With these bifurcations at every step, a square-root program becomes a lot more complicated than it seems on the surface, whether you run it forward or backward. That really shouldn’t come as a surprise. Algorithms only a little more elaborate—they derive from cubic equations rather than quadratic ones—underly the famous Julia and Mandelbrot sets, the very emblems and icons of complexity.
Afterthought: To reverse the Newton algorithm for extracting a square root, we have to extract a square root. Aha! We can use the Newton algorithm to calculate its own inverse! Lamentably, it won’t work. The one thing Newton’s method is no good at is finding the exact square root of a perfect square—and that’s just what we need in this case. The successive approximations of the Newton algorithm converge very quickly on the correct value, but they never actually get there.

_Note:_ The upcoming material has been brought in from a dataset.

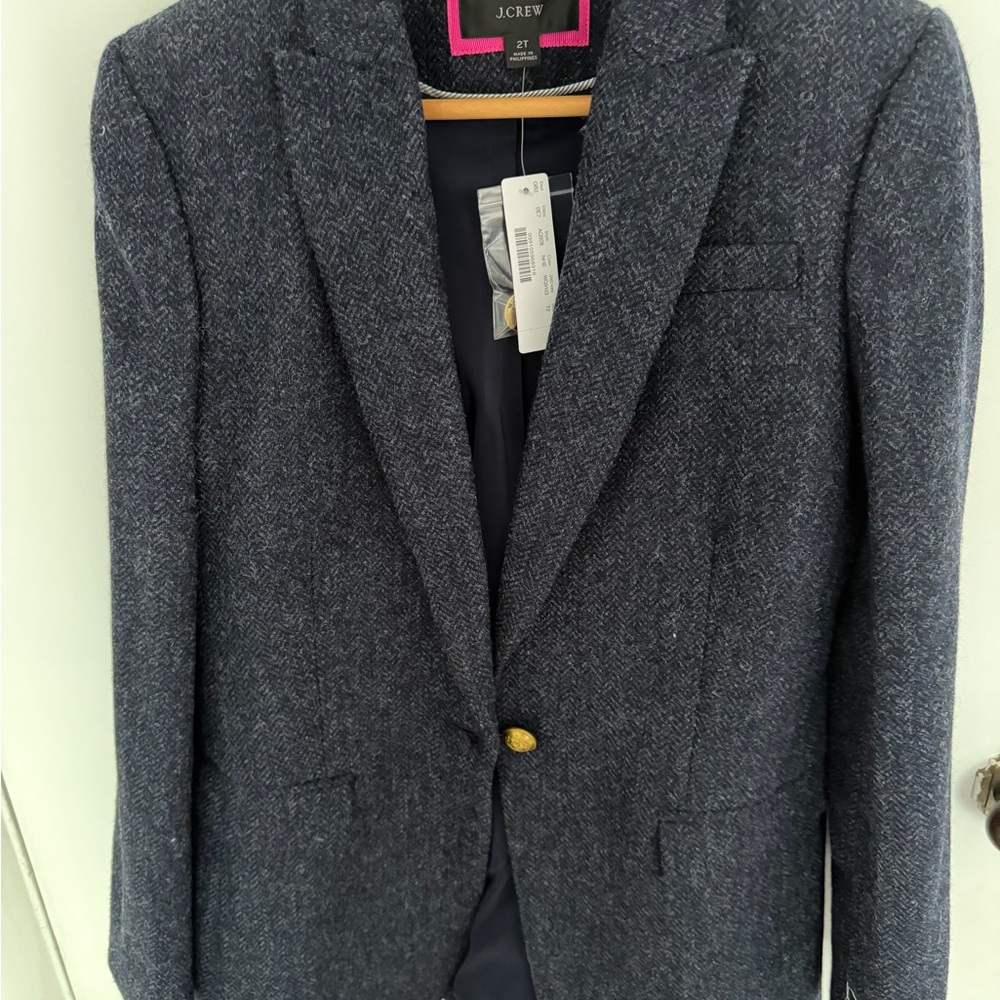 J. Crew women’s Navy Herringbone Wool Blazer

Afterafterthought. I have discovered (or rediscovered, or remembered—it’s hard to say which) that Baker also discussed the Newton square-root algorithm in several installments of his “Garbage In/Garbage Out” column in ACM SIGPLAN Notices (the newsletter of the Association for Computing Machinery’s Special Interest Group on Programming Languages). Here are the references:
- Baker, Henry G. 1998. Garbage In/Garbage Out: You could learn a lot from a quadratic: overloading considered harmful. ACM SIGPLAN Notices 33(1):30–38.
- Baker, Henry G. 1998. Garbage In/Garbage Out: You could learn a lot from a quadratic: II: digital dentistry. ACM SIGPLAN Notices 33(2):34–39.
- Baker, Henry G. 1998. Garbage In/Garbage Out: March Möbius madness with a polynomial PostScript. ACM SIGPLAN Notices 33(3):24–35.
- Baker, Henry G. 1998. Garbage In/Garbage Out: You could learn a lot from a quadratic: Newton squares the circle. ACM SIGPLAN Notices 33(6):27–31.
Finally, while searching for these titles, I have also “discovered” yet another Baker article that has much to say about reversibility in computing systems:
- Baker, Henry G. 1994. Thermodynamics and garbage collection. ACM SIGPLAN Notices 29(4):58–63.